The Text Alignment Network (TAN) XML format facilitates the exchange and scholarly analysis of multiple versions of texts. TAN files adopt a syntax suitable for humans to read and edit, expressive enough to allow scholars to register doubt and nuance, and sufficiently structured to permit complex computer-based queries across independent datasets. The format is actually a suite of formats, built modularly, with each format designed to allow an editor to focus exclusively on a single set of tasks. The format encourages or requires editors to declare their views or assumptions about language and texts in a structured manner, so that other users of the data (both human and computer) can determine whether the data is suitable for their needs. Because nearly all TAN data must be expressed in way that computers can parse, the information can be used in semantic web applications.
TAN has been designed to support two kinds of scholarly activity: creation and research.
When we create our primary sources or analyses of them, we normally want what we create to be useful to our colleagues. TAN was designed to augment the utility of such creative scholarly activities as:
Creating and sharing a transcription of a particular version of a textual work such that it is most likely to align with any other TAN version of that text created by someone else;
Creating an index of quotations that is semantically rich and can be applied to any other version of the quoting or quoted works;
Specifying exactly (e.g., word-for-word) where a source and its translation correspond, even when there may be messy overlapping or ambiguous relationships, or where doubt or alternative possibilities of alignment need to be expressed;
Listing the lexicomorphogical features of each word in a text or a language such that the linguistic data has meaning above and beyond a particular coding scheme, and can be collated with lexicomorphological data for other languages.

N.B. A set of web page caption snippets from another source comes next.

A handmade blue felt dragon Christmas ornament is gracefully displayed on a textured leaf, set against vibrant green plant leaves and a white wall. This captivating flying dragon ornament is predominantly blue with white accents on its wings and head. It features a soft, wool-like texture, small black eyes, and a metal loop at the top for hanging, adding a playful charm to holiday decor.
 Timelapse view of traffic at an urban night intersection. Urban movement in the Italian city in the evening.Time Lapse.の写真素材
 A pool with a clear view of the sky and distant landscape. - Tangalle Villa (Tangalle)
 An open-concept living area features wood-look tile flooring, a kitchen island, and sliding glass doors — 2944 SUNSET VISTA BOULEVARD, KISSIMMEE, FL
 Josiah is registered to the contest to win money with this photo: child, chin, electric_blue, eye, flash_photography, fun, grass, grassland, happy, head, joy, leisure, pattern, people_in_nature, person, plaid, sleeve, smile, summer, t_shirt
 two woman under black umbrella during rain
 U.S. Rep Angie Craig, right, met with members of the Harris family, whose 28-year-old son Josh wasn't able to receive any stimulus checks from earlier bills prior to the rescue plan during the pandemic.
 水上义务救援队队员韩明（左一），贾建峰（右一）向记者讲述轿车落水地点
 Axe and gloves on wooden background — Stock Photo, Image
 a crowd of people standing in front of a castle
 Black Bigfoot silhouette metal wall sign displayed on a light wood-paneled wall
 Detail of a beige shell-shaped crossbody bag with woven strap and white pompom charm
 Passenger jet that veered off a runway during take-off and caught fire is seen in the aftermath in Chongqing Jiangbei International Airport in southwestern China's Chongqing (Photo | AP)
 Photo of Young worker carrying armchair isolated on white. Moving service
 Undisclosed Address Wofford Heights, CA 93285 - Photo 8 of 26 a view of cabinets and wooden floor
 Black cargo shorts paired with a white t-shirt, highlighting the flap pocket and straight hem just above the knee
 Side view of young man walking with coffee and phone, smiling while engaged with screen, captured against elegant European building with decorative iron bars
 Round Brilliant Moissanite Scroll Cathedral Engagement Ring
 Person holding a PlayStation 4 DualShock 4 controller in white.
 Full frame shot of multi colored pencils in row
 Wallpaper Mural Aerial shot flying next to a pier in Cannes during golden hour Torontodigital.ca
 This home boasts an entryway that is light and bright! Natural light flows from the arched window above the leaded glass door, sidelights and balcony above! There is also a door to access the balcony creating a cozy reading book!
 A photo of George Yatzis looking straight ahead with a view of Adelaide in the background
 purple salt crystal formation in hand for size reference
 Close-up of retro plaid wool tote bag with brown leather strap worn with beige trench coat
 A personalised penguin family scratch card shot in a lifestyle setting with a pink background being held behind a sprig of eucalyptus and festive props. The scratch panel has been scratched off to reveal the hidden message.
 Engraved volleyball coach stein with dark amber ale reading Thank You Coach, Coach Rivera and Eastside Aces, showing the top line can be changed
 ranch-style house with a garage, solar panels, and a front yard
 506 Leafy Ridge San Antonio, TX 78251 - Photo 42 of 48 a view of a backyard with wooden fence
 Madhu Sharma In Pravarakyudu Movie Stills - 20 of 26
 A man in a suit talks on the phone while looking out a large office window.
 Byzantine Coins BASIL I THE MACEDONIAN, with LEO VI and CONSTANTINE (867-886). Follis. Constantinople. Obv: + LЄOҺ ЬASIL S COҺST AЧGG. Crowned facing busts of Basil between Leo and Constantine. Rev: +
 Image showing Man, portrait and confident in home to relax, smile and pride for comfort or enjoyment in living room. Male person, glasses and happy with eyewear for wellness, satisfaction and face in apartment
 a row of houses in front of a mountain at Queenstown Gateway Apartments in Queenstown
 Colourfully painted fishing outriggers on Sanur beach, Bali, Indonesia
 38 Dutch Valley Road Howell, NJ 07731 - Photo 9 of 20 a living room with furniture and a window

TAN files that are published and shared produce a decentralized but interoperably corpus of texts. As this TAN-compliant corpus expands across linguistic, chronological, and spatial boundaries, third-party tools and applications can expand the repertoire of research questions beyond any single corpus, to help scholars fruitfully investigate broader, comparative questions such as:
For classical Greek texts, how were words with the root -ιστημι ("stand") translated into ancient Latin? In what specific ways did the vocabulary of technical terms shift from pre-Christian translations into later, Christian ones?
How do the reformed Chinese translation technique of Sanskrit Buddhist texts, attested by Dao An (312-385 CE), compare to reforms in the seventh and eighth centuries of Syriac translations of Greek texts?
How do Arabic translations of Greek texts from the Abbasid period differ from contemporaneous translations from Sanskrit into Arabic?
Can an anonymous English translation of a modern French novel be identified with known translators of French novels from the same period?
How do present-day translations of official United Nations documents differ across languages?
This is not to say that the TAN format, in itself, it answers such questions. It merely lays a framework within which such questions can be investigated. Some other caveats:
Although TAN comes with an extensive library of functions and templates, it is not a tool per se. It does not provide software or applications to create, edit, or display TAN-compliant files, nor does it dictate how such tools should behave. Rather, it allows you or a developer (especially an XML developer) to create customized applications and tools.
The TAN formats are specialized. They supplement, and does not replace, other common text formats such as TEI, Docbook, and so forth, or other alignment formats such as XLIFF or TMX. Converting from TAN into these formats is usually straightforward, but will normally entail loss. On the other hand, converting from one of these formats into TAN normally cannot be completely automated, the TAN format has scholarly expectations that are not required in the other formats. Conversion must be given careful thought.
TAN has a restricted field of inquiry (defined and explained in these guidelines). The format is not suitable for many lines of iniquiry, e.g., representing how a text was displayed in a particular edition.
TAN has been designed to serve those who prioritize legibility and readability over computational efficiency. The extensive TAN validation routines—essential to aiding interoperability—can be taxing to run on numerous or enormous files.